Ambassador John Hoover

Faculty Advisor

Ambassador John Hoover is a career member of the United States Senior Foreign Service who began his career with the U.S. Department of State in 1988.   Since 2020, he has served at the National Defense University (NDU) as the Acting Chancellor of the College of International Security Affairs (CISA) for one year starting in July, 2020, then as NDU’s Senior Vice President 2021-23, and currently as an interagency Faculty Advisor at CISA. 

Before arriving at NDU, Hoover served as the Deputy Chief of Mission at the U.S. Embassy in Islamabad, Pakistan from 2017 to 2020.  From 2014 to 2017, he served as the U.S. Ambassador to the Republic of Sierra Leone, where he helped lead the U.S. Government’s successful response to the world’s worst-ever Ebola outbreak.  Before that, he was the Director of the Office of Regional and Security Affairs in the State Department’s Bureau of African Affairs (2010-2013).  Overseas, Hoover has served in Kampala, Uganda as Deputy Chief of Mission (2008-10); Nairobi, Kenya as Economic Counselor (2004-08); Shanghai, China (2000-2004); Taipei, Taiwan (1996-2000); Mbabane, Swaziland (1989-91); and Paris, France (1988-89). 

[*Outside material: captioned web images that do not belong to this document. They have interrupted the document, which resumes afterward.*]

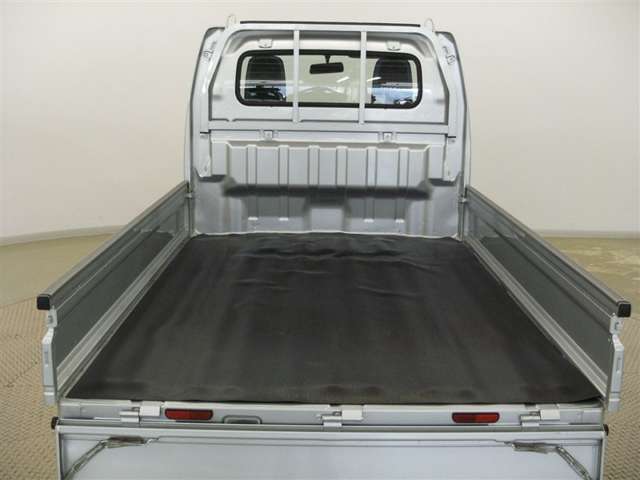 Suzuki Carry 11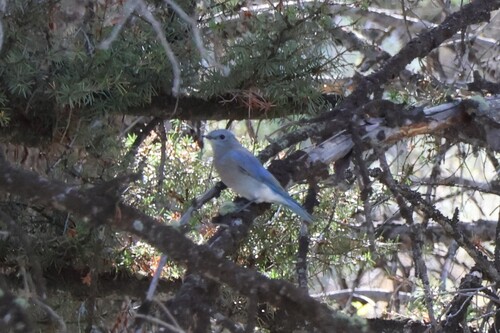 Mountain Bluebird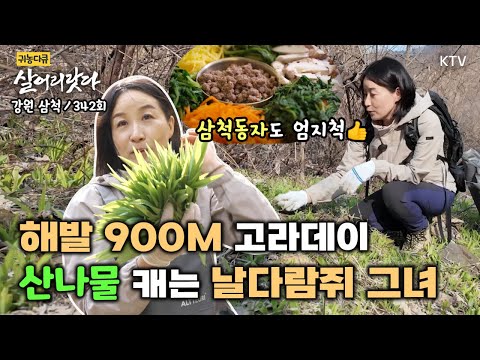 (강원 삼척/342회) 해발 900M 고라데이! 추억도 산나물도 제철입니다 KoreaTV, wild greens, mountain, healthy food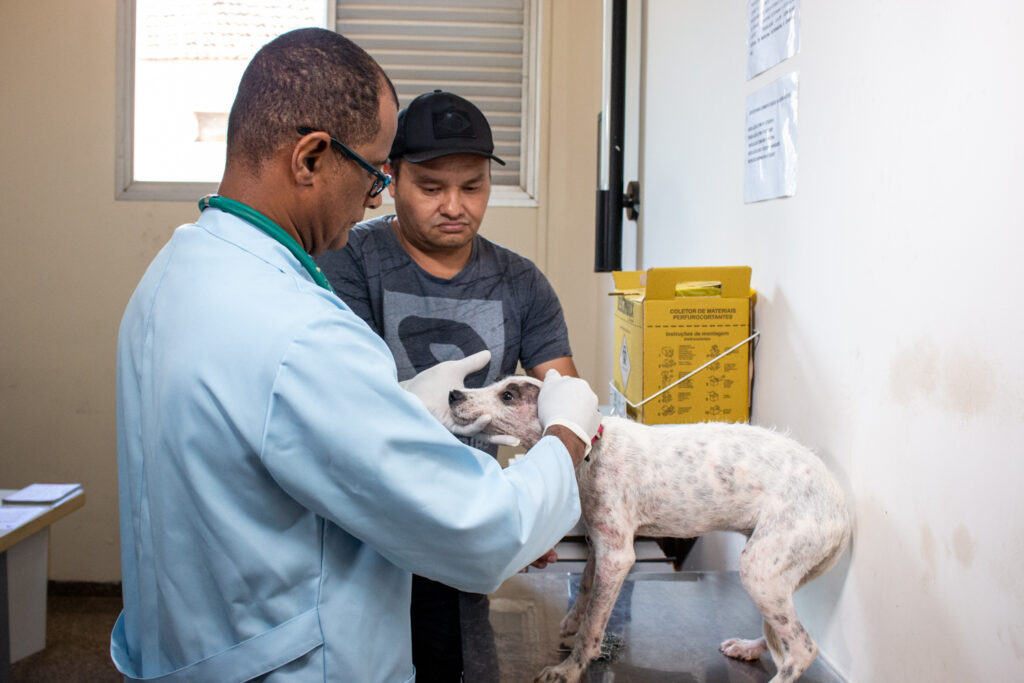 1ª ação de adoção de cães e gatos da Ubea é realizada hoje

Hoover is the winner of two global State Department awards: The Herbert Salzman Award for Excellence in International Economic Performance (2008), and the Director General’s Award for Reporting (co-winner, 1998).  He is the winner of several Superior Honor Awards and received a Presidential Rank Award in 2019.  Prior to his Foreign Service career, Hoover worked as an investment banker in New York and Tokyo, and as an English teacher in Japan.  He is a 1982 magna cum laude graduate of Princeton University and a native of Acton, Massachusetts.  He is married to Kathyrine Lin Hoover, a teacher.  They are the proud parents of two adult sons.